** RECORDS FOR THE TASK follows **
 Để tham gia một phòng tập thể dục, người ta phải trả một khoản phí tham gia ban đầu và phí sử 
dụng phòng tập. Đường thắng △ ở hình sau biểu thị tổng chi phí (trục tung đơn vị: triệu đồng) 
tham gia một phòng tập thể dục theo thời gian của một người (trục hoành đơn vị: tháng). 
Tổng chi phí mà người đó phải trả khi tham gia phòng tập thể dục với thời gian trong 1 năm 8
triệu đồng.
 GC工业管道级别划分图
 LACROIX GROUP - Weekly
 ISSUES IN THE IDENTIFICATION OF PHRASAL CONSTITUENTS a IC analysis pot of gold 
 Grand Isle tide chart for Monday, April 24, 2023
** End of RECORDS FOR THE TASK **
** RECORDS FOR THE TASK follows **
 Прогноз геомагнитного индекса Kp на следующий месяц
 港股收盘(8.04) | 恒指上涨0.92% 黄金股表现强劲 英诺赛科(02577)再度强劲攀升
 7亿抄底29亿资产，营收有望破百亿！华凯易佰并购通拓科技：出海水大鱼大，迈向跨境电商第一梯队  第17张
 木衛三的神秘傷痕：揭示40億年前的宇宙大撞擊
** End of RECORDS FOR THE TASK **
Output the lines above exactly, but only those between the line holding "Tổng chi phí mà" and the line holding "Grand Isle tide", inclusive.

▶ **RESULT OF THE EXERCISE**
Tổng chi phí mà người đó phải trả khi tham gia phòng tập thể dục với thời gian trong 1 năm 8
triệu đồng.
 GC工业管道级别划分图
 LACROIX GROUP - Weekly
 ISSUES IN THE IDENTIFICATION OF PHRASAL CONSTITUENTS a IC analysis pot of gold 
 Grand Isle tide chart for Monday, April 24, 2023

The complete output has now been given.